**DATA EXCERPT**
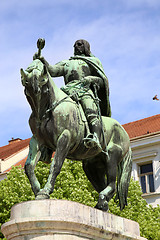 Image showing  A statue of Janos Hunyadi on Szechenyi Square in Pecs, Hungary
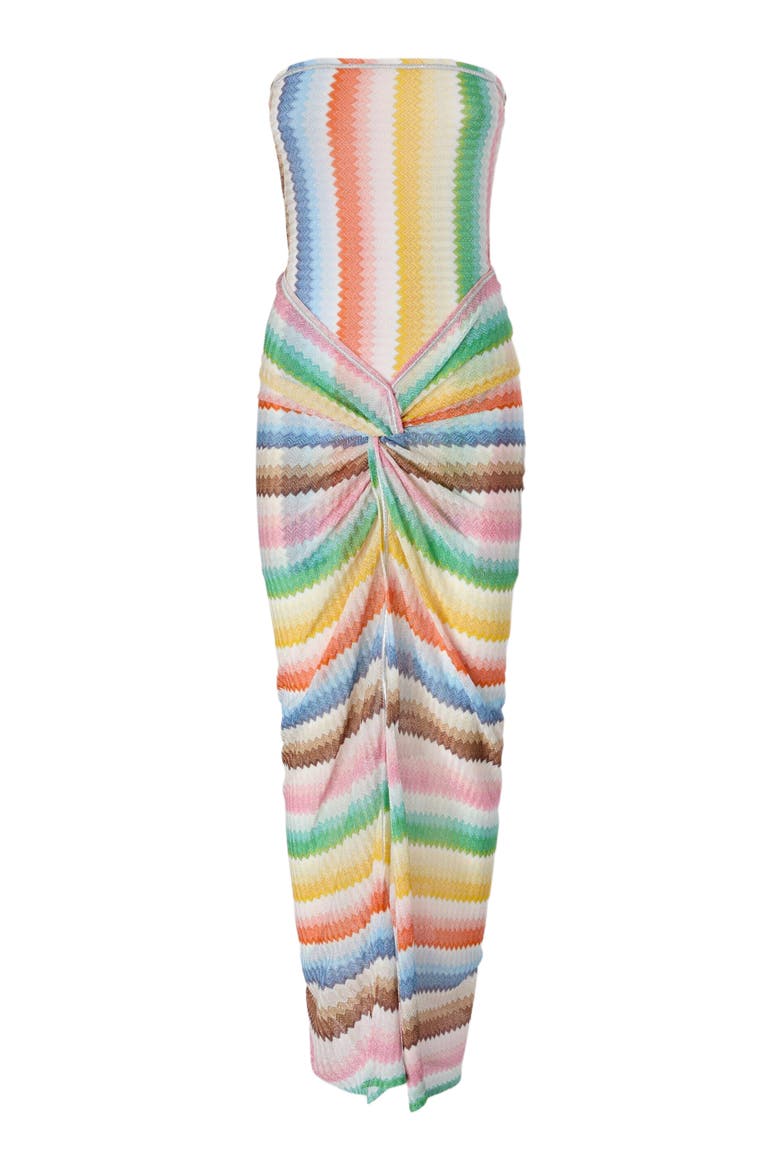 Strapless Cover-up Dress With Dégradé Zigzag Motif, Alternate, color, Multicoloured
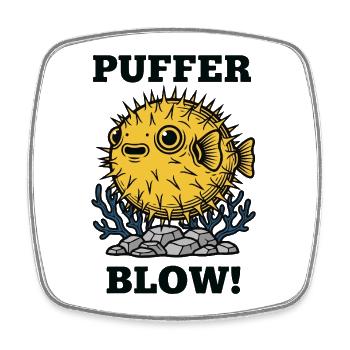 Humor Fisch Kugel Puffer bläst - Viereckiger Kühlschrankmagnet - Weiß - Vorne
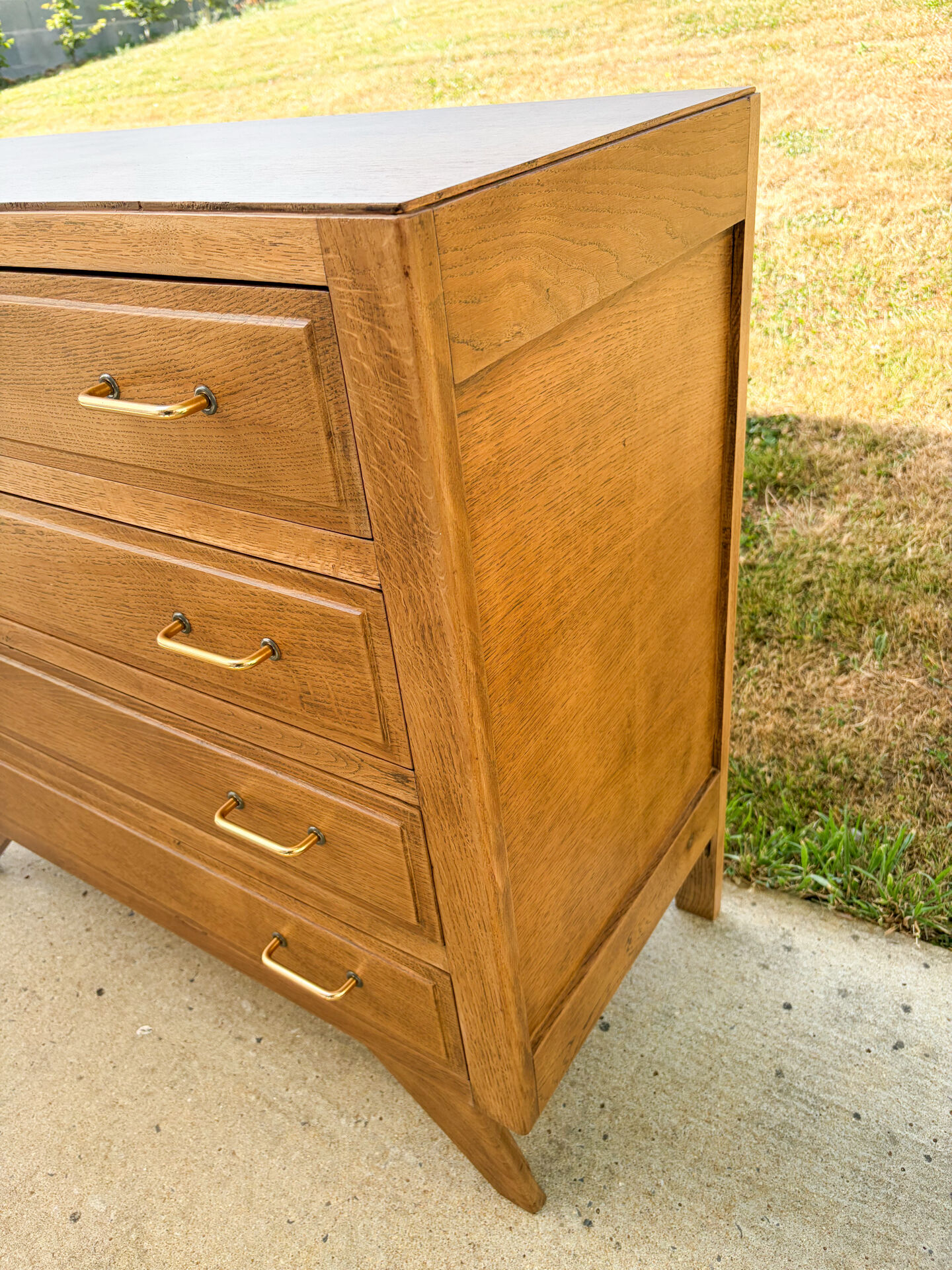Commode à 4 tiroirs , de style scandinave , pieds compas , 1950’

**BRIEF**
If the listing above includes images, copy every line of it exactly except those images.

**RESULT OF THIS EXERCISE**
 Image showing  A statue of Janos Hunyadi on Szechenyi Square in Pecs, Hungary
 Strapless Cover-up Dress With Dégradé Zigzag Motif, Alternate, color, Multicoloured
 Humor Fisch Kugel Puffer bläst - Viereckiger Kühlschrankmagnet - Weiß - Vorne
Commode à 4 tiroirs , de style scandinave , pieds compas , 1950’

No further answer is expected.